This particular method offers a quick version on the French onion tart, turning some leftover of dough trimmings into a spontaneous treat. Store and combine any leftovers into a ball and re-roll whenever needed. Dough keeps well in the freezer, and by omitting two time-consuming procedures in the classic preparation – preparing the pastry and caramelizing the onions – this version is ready about an hour faster. Instead, the onions are cooked flipped, cooking and browning beneath a layer of pastry with small fish and brined olives for a fast, playful variation on a iconic French recipe. And if you have a smaller amount of dough, you can always reduce the method.
The present popularity of upside-down tarts, which went viral on social media and Instagram a few years back, may have originated with an appetizing and easy peach and honey puff pastry or an inspirational savory tart that even led to a entire publication on inverted recipes. Additionally, I have been enjoying myself with inverted baking recently, from an extra-long leek tart to these fast mini French tarts. It’s a simple, fun approach to prepare something that appears particularly unique.
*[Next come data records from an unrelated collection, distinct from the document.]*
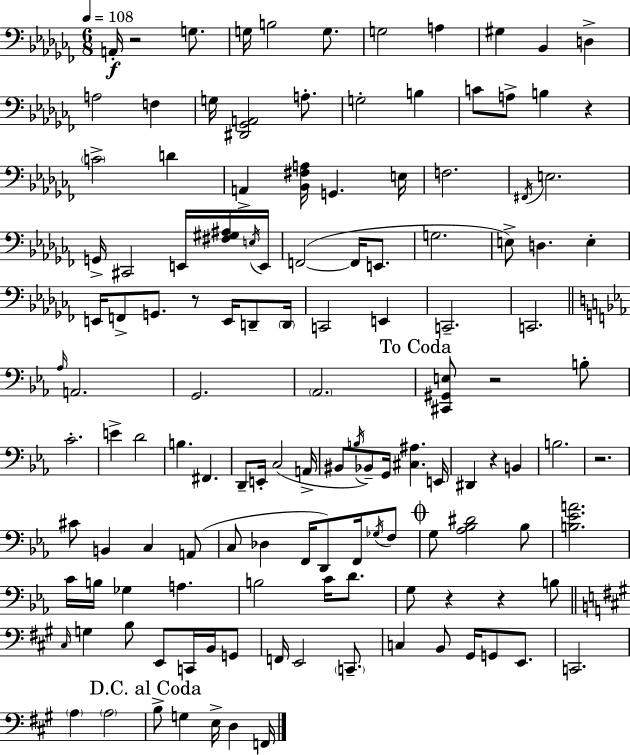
A2/s R/h G3/e. G3/s B3/h G3/e. G3/h A3/q G#3/q Bb2/q D3/q A3/h F3/q G3/s [D#2,Gb2,A2]/h A3/e. G3/h B3/q C4/e A3/e B3/q R/q C4/h D4/q A2/q [Bb2,F#3,A3]/s G2/q. E3/s F3/h. F#2/s E3/h. G2/s C#2/h E2/s [F#3,G#3,A#3]/s E3/s E2/s F2/h F2/s E2/e. G3/h. E3/e D3/q. E3/q E2/s F2/e G2/e. R/e E2/s D2/e D2/s C2/h E2/q C2/h. C2/h. Ab3/s A2/h. G2/h. Ab2/h. [C#2,G#2,E3]/e R/h B3/e C4/h. E4/q D4/h B3/q. F#2/q. D2/e E2/s C3/h A2/s BIS2/e B3/s Bb2/e G2/s [C#3,A#3]/q. E2/s D#2/q R/q B2/q B3/h. R/h. C#4/e B2/q C3/q A2/e C3/e Db3/q F2/s D2/e F2/s Gb3/s F3/e G3/e [Ab3,Bb3,D#4]/h Bb3/e [B3,Eb4,A4]/h. C4/s B3/s Gb3/q A3/q. B3/h C4/s D4/e. G3/e R/q R/q B3/e C#3/s G3/q B3/e E2/e C2/s B2/s G2/e F2/s E2/h C2/e. C3/q B2/e G#2/s G2/e E2/e. C2/h. A3/q A3/h B3/e G3/q E3/s D3/q F2/s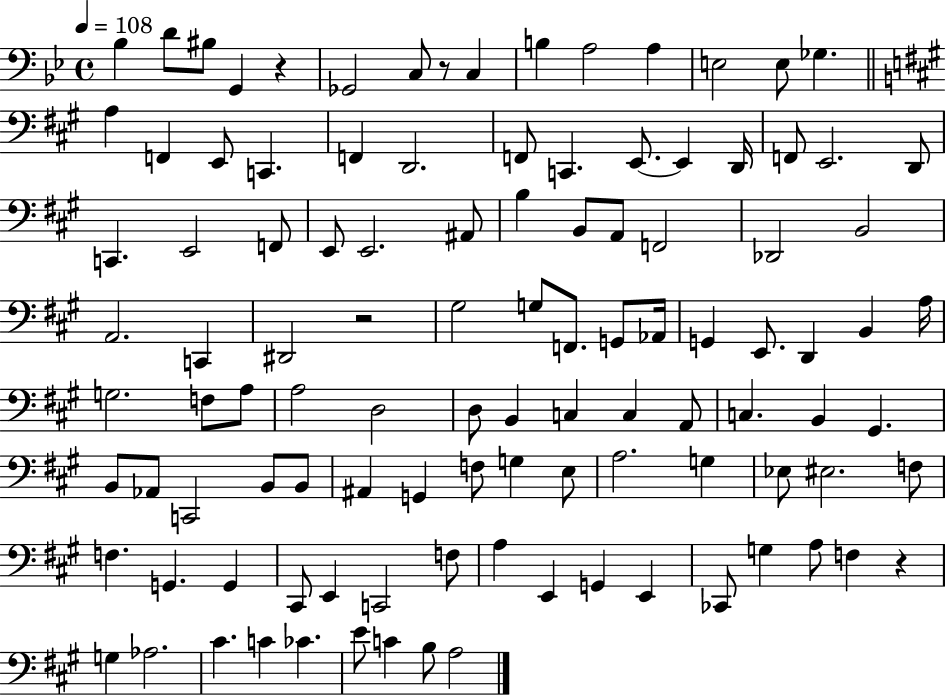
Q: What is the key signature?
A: BES major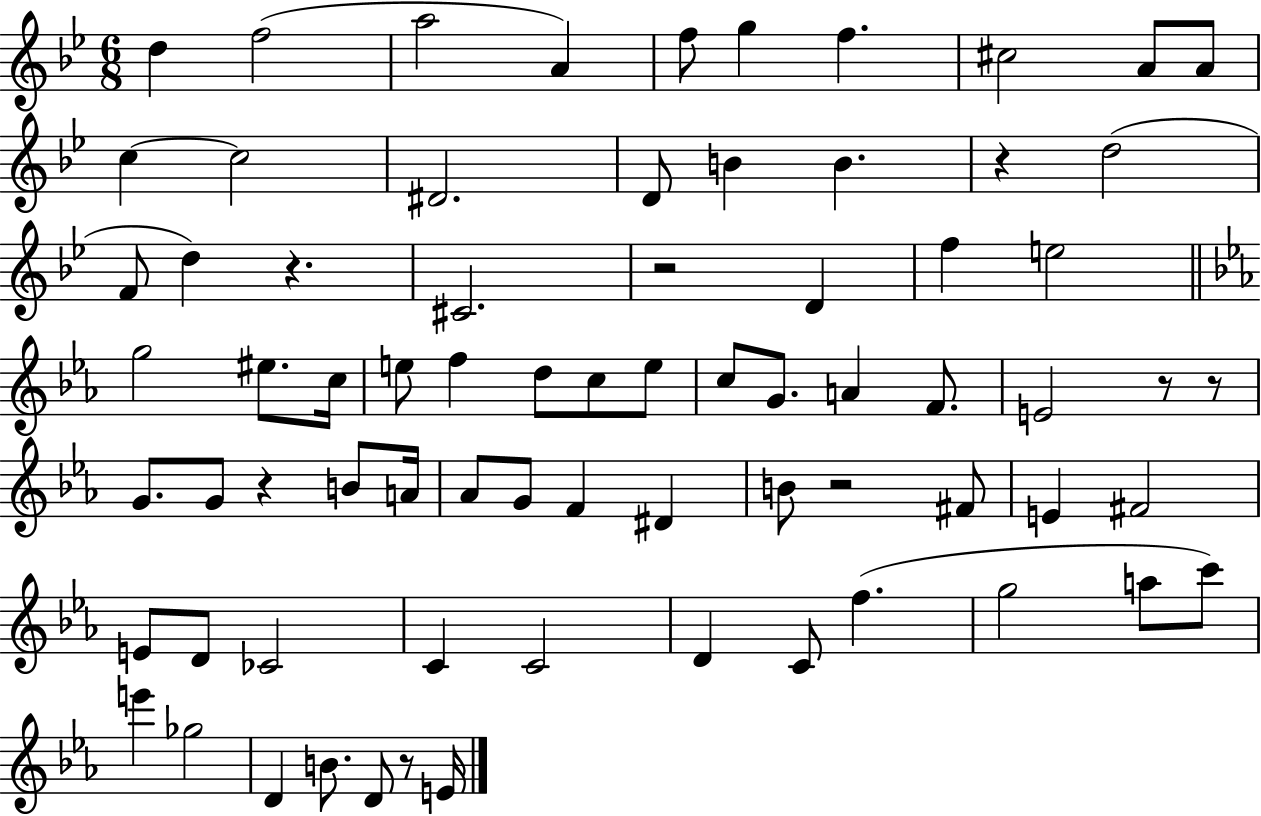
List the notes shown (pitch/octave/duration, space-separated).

D5/q F5/h A5/h A4/q F5/e G5/q F5/q. C#5/h A4/e A4/e C5/q C5/h D#4/h. D4/e B4/q B4/q. R/q D5/h F4/e D5/q R/q. C#4/h. R/h D4/q F5/q E5/h G5/h EIS5/e. C5/s E5/e F5/q D5/e C5/e E5/e C5/e G4/e. A4/q F4/e. E4/h R/e R/e G4/e. G4/e R/q B4/e A4/s Ab4/e G4/e F4/q D#4/q B4/e R/h F#4/e E4/q F#4/h E4/e D4/e CES4/h C4/q C4/h D4/q C4/e F5/q. G5/h A5/e C6/e E6/q Gb5/h D4/q B4/e. D4/e R/e E4/s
Produces 4 single servings
Preheat the appliance to 210C (190C fan)/410F/gas 6½. Remove the skin and prepare the onion, then chop into four large, circular pieces. Line a stovetop-safe cookie sheet with parchment, then imagine where you will place each piece of onion. Drizzle those areas with olive oil and sweetener, then add salt and pepper. Place two fillets on top of each flavored patch and cover them with a round of onion. Tuck a few dark olives inside and beside the onions, then season with a extra fat, sweetener, salt and black pepper.
Activate two neighboring burners to a medium heat, set the pan on top of the rings and let the onions to heat untouched for 5 minutes.
Meanwhile, on a lightly floured board, roll out the sheets and slice it into four rectangles sufficiently sized to enclose each piece of onion. Gently lay one pastry rectangle on top of each slice of onion, press down around the edges with the reverse of a utensil, then bake for a short while, until the crust is browned. Set a serving platter on top of the pastry tray, then turn over to invert the tarts on to the board. Carefully lift off the lining and serve.